» ASSIGNMENT:
Set down exactly the lines in the records below that run from the line with "1-комнатная квартира ·" to the line with "Hip-length women's jacket", inclusive, and nothing more.
EXERCISE DATA START
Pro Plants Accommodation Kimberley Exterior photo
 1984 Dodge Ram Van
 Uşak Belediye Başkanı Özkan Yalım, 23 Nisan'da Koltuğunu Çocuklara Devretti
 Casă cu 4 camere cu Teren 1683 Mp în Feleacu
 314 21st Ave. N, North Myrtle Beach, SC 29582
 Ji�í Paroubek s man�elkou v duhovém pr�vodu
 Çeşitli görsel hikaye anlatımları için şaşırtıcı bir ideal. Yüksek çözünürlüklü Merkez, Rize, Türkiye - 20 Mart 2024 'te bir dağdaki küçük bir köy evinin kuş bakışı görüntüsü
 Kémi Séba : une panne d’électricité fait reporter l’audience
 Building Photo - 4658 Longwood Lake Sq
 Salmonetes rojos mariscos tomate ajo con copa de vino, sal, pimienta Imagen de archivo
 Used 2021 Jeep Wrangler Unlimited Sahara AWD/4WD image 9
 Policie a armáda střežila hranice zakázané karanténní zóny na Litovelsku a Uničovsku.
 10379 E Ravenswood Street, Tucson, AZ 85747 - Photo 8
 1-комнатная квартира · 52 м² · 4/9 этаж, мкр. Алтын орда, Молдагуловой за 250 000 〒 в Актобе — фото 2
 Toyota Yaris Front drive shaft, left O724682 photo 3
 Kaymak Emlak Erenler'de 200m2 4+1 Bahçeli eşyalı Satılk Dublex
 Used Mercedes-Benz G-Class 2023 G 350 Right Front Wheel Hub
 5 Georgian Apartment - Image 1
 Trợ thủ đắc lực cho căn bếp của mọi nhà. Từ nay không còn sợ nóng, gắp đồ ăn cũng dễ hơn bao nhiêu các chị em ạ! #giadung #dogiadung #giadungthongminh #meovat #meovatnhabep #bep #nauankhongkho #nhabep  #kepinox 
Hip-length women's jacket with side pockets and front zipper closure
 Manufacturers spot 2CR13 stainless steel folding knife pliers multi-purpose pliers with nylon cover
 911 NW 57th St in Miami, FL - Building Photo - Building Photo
EXERCISE DATA END
» ANSWER TO THE PROBLEM:
 1-комнатная квартира · 52 м² · 4/9 этаж, мкр. Алтын орда, Молдагуловой за 250 000 〒 в Актобе — фото 2
 Toyota Yaris Front drive shaft, left O724682 photo 3
 Kaymak Emlak Erenler'de 200m2 4+1 Bahçeli eşyalı Satılk Dublex
 Used Mercedes-Benz G-Class 2023 G 350 Right Front Wheel Hub
 5 Georgian Apartment - Image 1
 Trợ thủ đắc lực cho căn bếp của mọi nhà. Từ nay không còn sợ nóng, gắp đồ ăn cũng dễ hơn bao nhiêu các chị em ạ! #giadung #dogiadung #giadungthongminh #meovat #meovatnhabep #bep #nauankhongkho #nhabep  #kepinox 
Hip-length women's jacket with side pockets and front zipper closure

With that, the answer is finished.